### Records provided
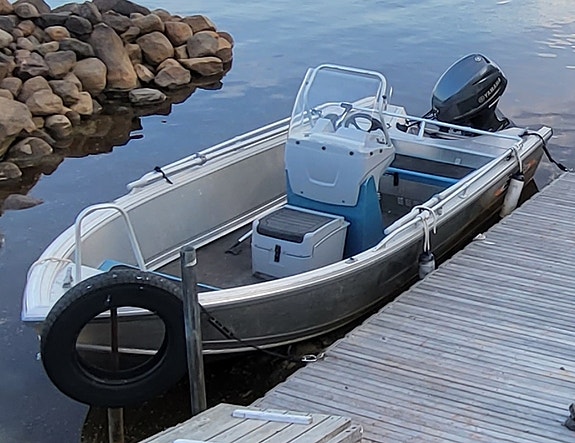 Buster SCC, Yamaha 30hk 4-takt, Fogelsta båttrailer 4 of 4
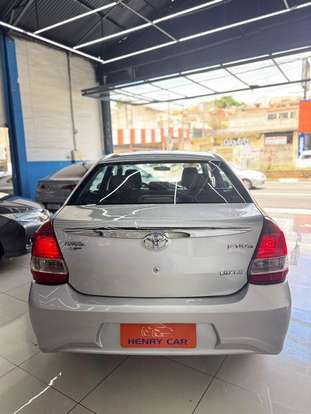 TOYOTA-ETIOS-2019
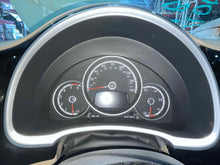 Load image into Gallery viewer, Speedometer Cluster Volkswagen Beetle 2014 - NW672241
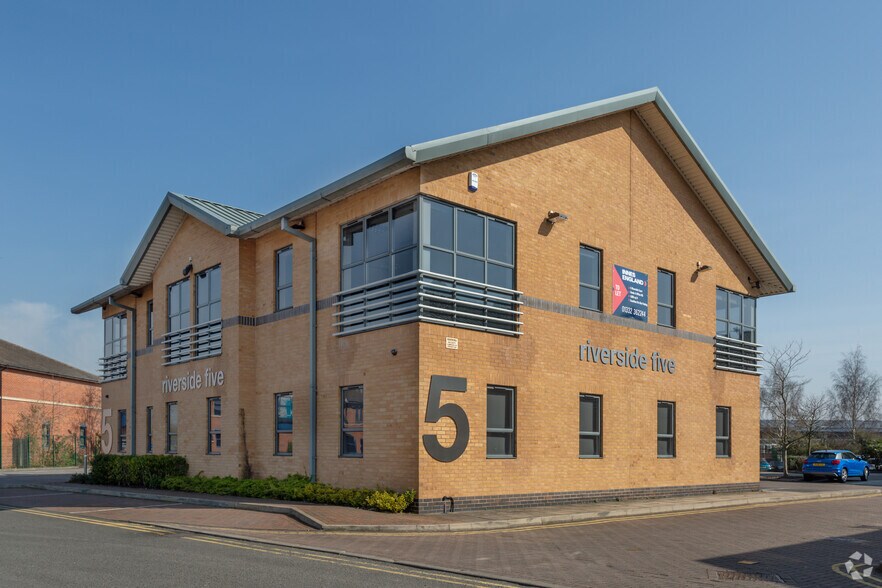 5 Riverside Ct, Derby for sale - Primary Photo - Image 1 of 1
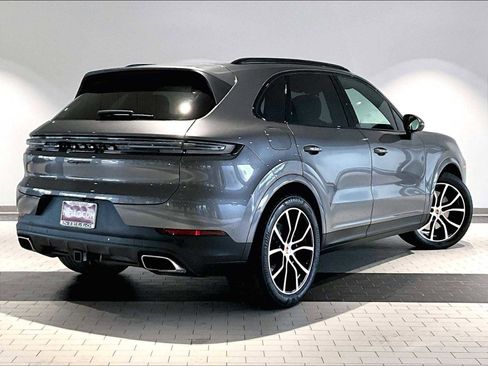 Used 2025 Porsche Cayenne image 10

### Directions for this task
The job is to set down the whole listing exactly, excluding any images.

### Task output
 Buster SCC, Yamaha 30hk 4-takt, Fogelsta båttrailer 4 of 4
 TOYOTA-ETIOS-2019
 Load image into Gallery viewer, Speedometer Cluster Volkswagen Beetle 2014 - NW672241
 5 Riverside Ct, Derby for sale - Primary Photo - Image 1 of 1
 Used 2025 Porsche Cayenne image 10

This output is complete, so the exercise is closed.